Over the decades I’ve heard voice teachers and coaches say to students, “You are afraid. You are holding back. You are thinking too much”. The student nods her head and gathers up her pluckiness to try again to “do it better”. Sadly, this situation indicates great ignorance on the part of the teacher.
The throat closes when you are threatened. You have nothing to do with that response. It is deeply programmed into your Reptilian brain and you aren’t meant to override it with your conscious mind or will power. If you are nervous about what will come out of your mouth, because you really don’t know what will come out, that is a situation which provokes anxiety. If you are seeking to let the sound out freely and easily and it simply won’t come out freely and easily no matter what you do, that is a situation which provokes anxiety. If your throat is tight or stuck or closed for any reason, and you did not sit down and decide to tighten it on purpose, (and some methods actually ask you to do that, which is crazy), the only way to get through the tension is to work with a conscious intention of “letting go”. If you know your throat is squeezed and you sing anyway, doing so will provoke anxiety and inhibit respiration. Doing so will: PROVOKE ANXIETY AND INHIBIT RESPIRATION.

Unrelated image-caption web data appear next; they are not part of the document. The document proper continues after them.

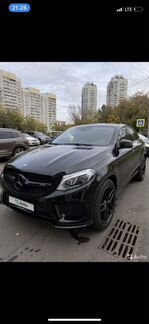 Mercedes-Benz GLE-класс 3.0 AT, 2017, 27 000 км
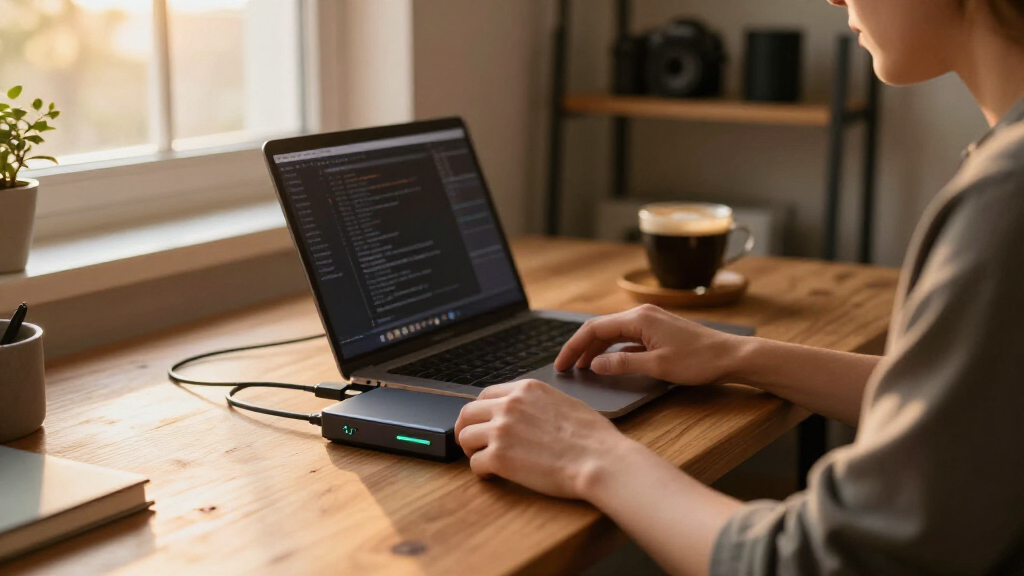 backup drive for software developers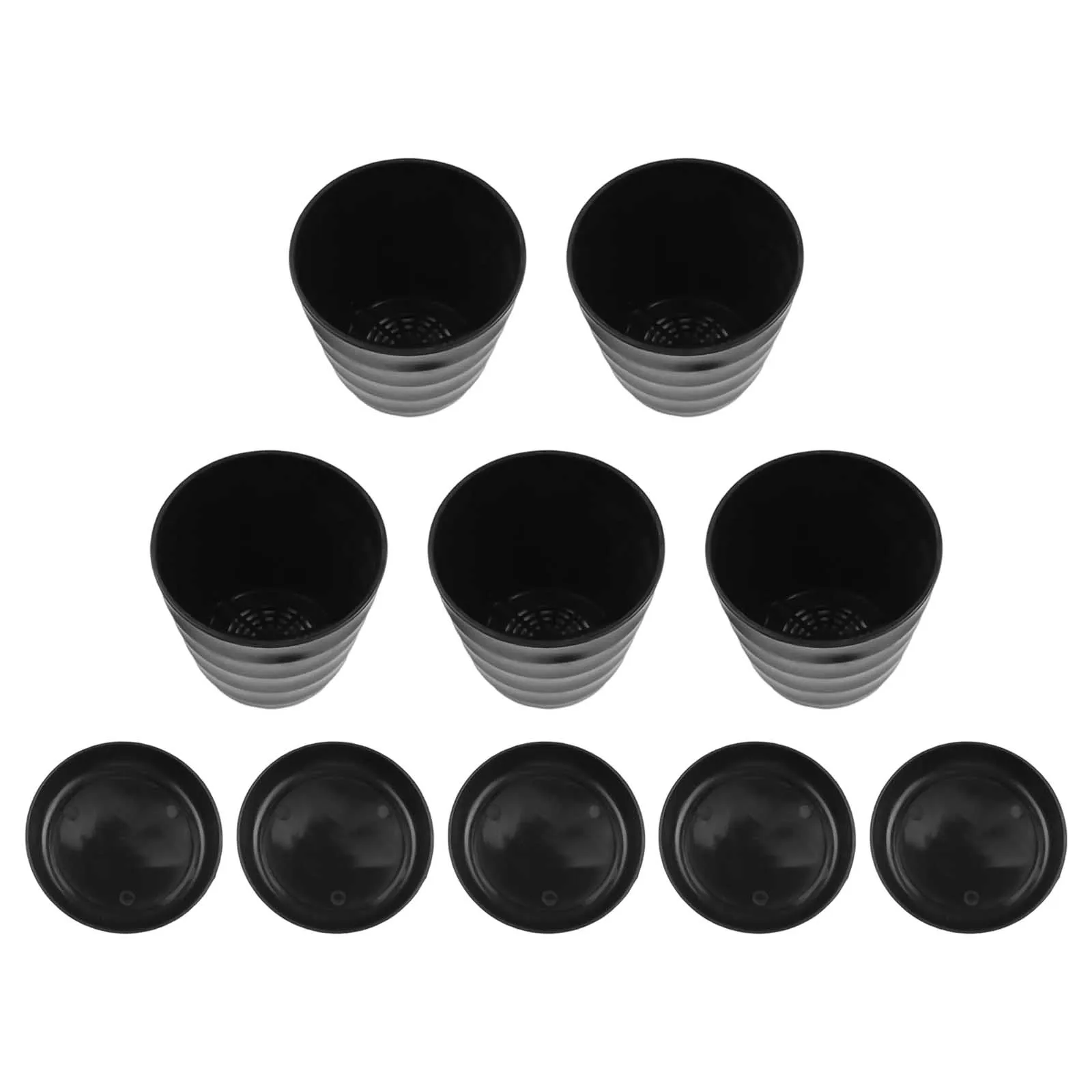 Accessories Brand New High Quality Hot Sale Practical Quality Useful Flower Pot for succulent 5PC Colourful Accessories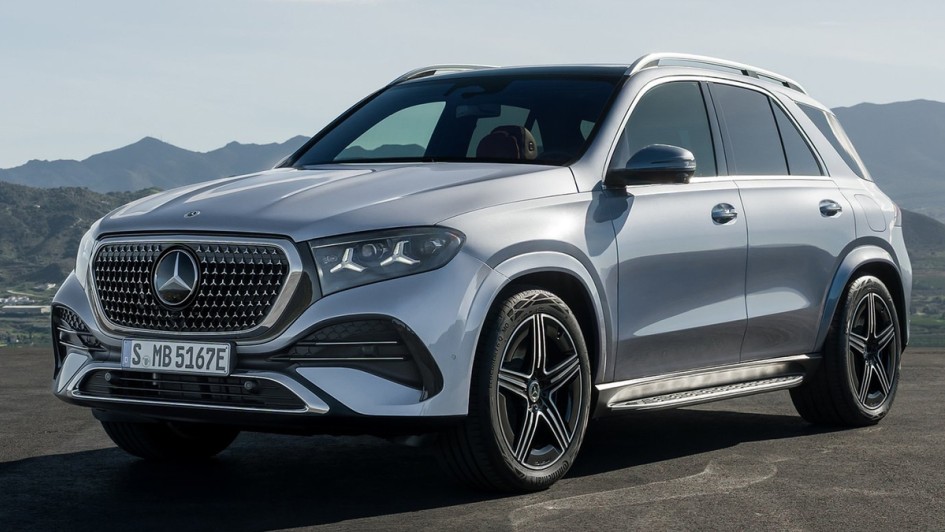 Mercedes-Benz GLE/GLE Coupé (2027)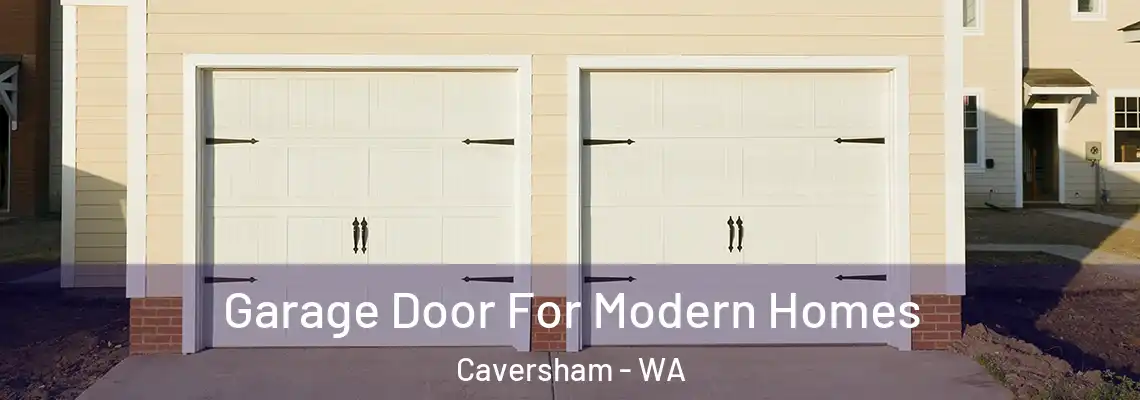 Garage Door For Modern Homes Caversham - WA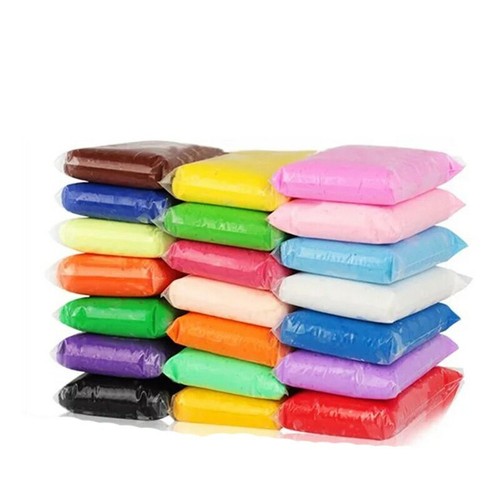 Clay fluffy children - gift, soft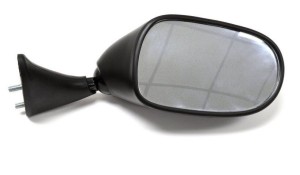 EMGO LUSTERKO YAMAHA YZF 1000 R THUNDERACE '96-'01 PRAWE (OEM: 4SV-26290-00) KOLOR CZARNY (WZÓR ORYGINAŁU) (HOMOLOGACJA)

Letting go of the swallowing muscles (indirectly) is a confrontation with the forces the body that are there to help us survive threats. Seeking to let go of such deeply buried tensions reverses the process and asks that we pass through the fear that caused the muscles to get stuck in the first place. Letting go, or trying to let go, provokes the same anxiety that caused the problem, particularly if the structures in the throat have been stuck and almost immoveable for a long time. When you have finally moved through the holding in the constrictors, and you are singing in a freely produced sound, you transform anxiety into excitement. When the fear is gone and you can sing from a place of freedom and excitement you will wonder why anyone would ever advocate deliberately constricting anything in the throat or moving structures in the throat on purpose. You will see why that kind of instruction is the opposite of creating a healing environment through your singing for yourself or your audience.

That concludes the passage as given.